Ancien secrétaire général des Nations unies et prix Nobel de la paix en 2001, Kofi Annan est l’une des rares personnalités africaines et internationales qui inspire confiance et connaît bien la genèse de la problématique congolaise, qui remonte au génocide rwandais de 1994.

C’est du temps où il était secrétaire général des Nations unies que la classe politique congolaise et les forces vives de la société civile s’étaient réunies dans un dialogue inter-congolais à Sun City, en Afrique du Sud, pour conclure un accord en décembre 2002, mettant en place un nouvel ordre politique fondé sur une nouvelle constitution démocratique, actuellement en vigueur.

Avec M. Annan comme facilitateur, il est possible que le dialogue politique véritablement inclusif, voulu par les uns et les autres, prenne un tournant décisif.

Kofi Annan est rompu aux techniques de négociation internationale et peut mener à bien une mission de médiation et de facilitation dans un contexte complexe et difficile. Il a déjà été impliqué personnellement, avec beaucoup de volontarisme, lorsqu’il était en fonction, et connaît bien les acteurs qui tirent les ficelles, tant au niveau national que sous-régional.

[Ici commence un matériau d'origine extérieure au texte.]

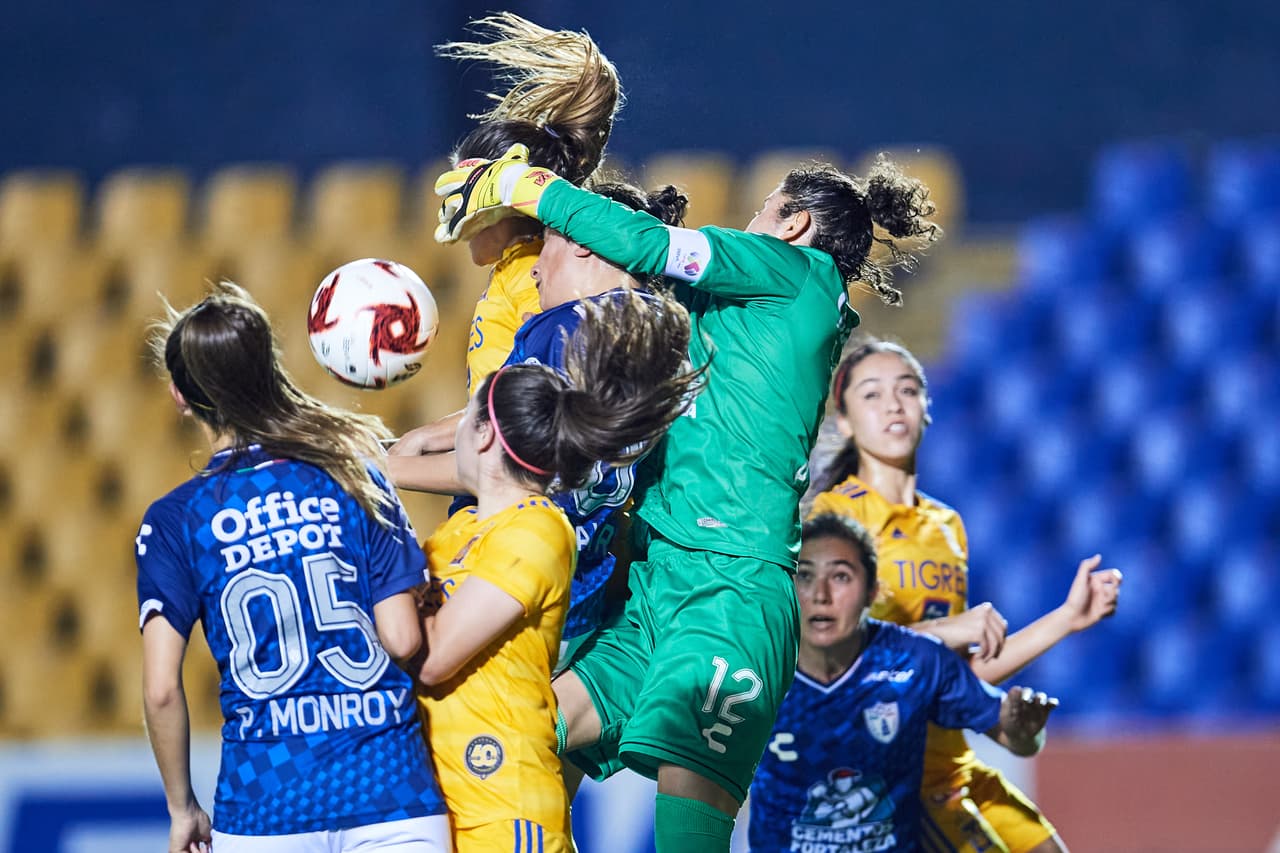 Tigres derrotó al Pachuca con doblete de StephanyMayor y uno más de Ovalle; por 'las Tuzas' descontó Viridiana Salazar. Las de Tigres ya son segundas, con un partido menos que el líder América.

Même dans sa retraite dorée, Kofi Annan,  président d’Africa Progress Panel, suit attentivement l’évolution de la situation politique, économique et sécuritaire du continent et en particulier dans la région des Grands lacs.

Avec M. Annan comme facilitateur, il est possible que le dialogue politique véritablement inclusif, voulu par les uns et les autres, prenne un tournant décisif et aboutisse à un compromis politique permettant de combler le vide laissé au sommet de l’État, le 20 décembre 2016.

Croisons les doigts et espérons que les souhaits de nombreux Congolais et amis du Congo se concrétiseront, et qu’un jour ce pays béni de Dieu pourra instaurer la démocratie, le respect des droits de l’homme et des principes de l’État de droit pour finalement permettre à son peuple de jouir de leurs droits économiques, sociaux et culturels.